— Problem statement —
From the entries below, reproduce exactly the lines from the one with "Черный Хендай Туксон, объемом" through the one with "bathroom featuring vanity", both included, without images.

— Supplied material —
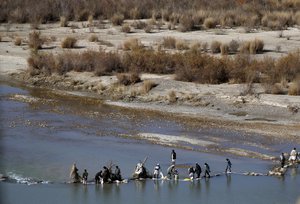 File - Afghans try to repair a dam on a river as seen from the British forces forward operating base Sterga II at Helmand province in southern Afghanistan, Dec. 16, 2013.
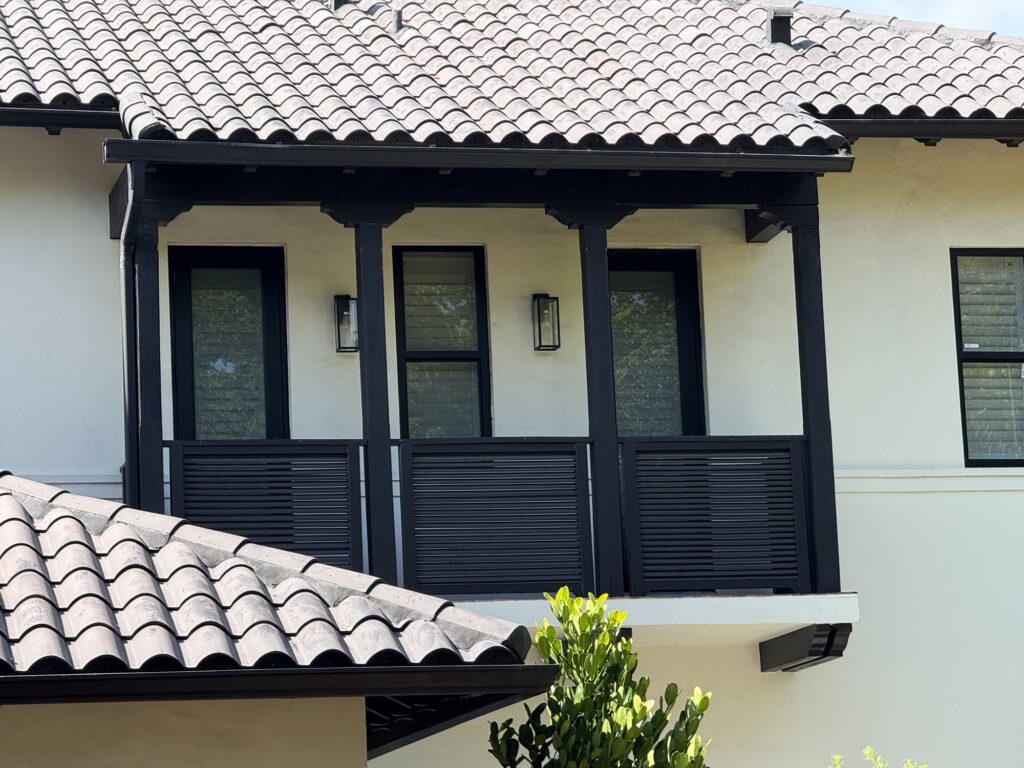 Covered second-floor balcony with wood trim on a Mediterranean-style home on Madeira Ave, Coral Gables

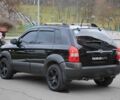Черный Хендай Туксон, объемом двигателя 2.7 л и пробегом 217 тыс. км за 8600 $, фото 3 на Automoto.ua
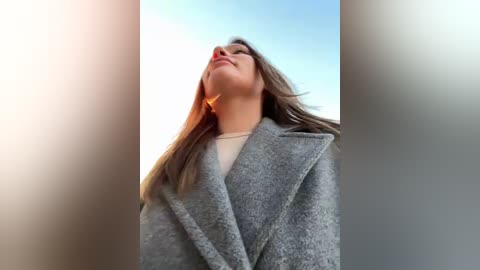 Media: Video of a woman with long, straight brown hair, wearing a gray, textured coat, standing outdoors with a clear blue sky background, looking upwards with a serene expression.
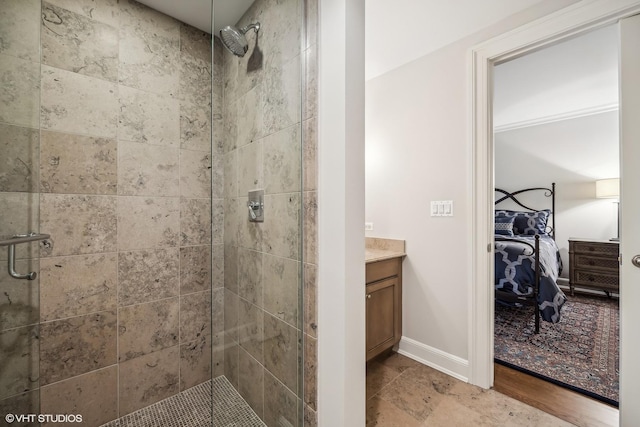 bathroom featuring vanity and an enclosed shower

...

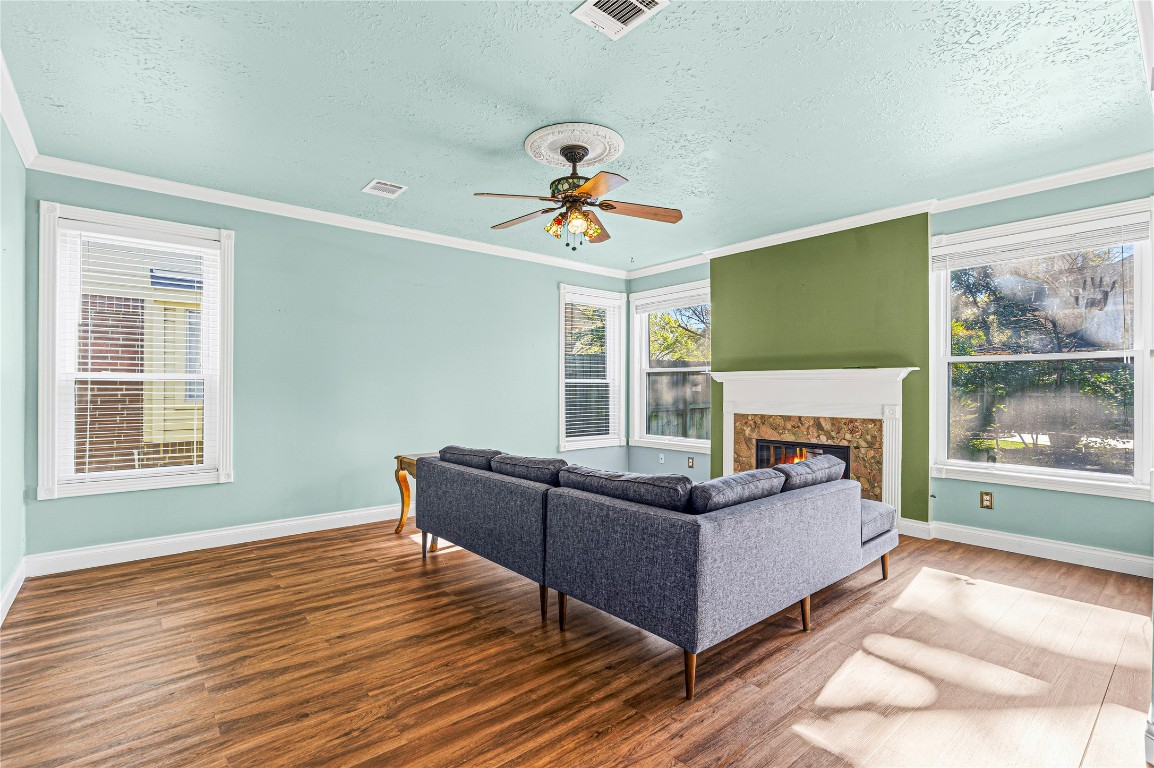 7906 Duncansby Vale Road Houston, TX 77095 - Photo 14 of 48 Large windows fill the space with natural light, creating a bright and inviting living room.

— Solution —
Черный Хендай Туксон, объемом двигателя 2.7 л и пробегом 217 тыс. км за 8600 $, фото 3 на Automoto.ua
 Media: Video of a woman with long, straight brown hair, wearing a gray, textured coat, standing outdoors with a clear blue sky background, looking upwards with a serene expression.
 bathroom featuring vanity and an enclosed shower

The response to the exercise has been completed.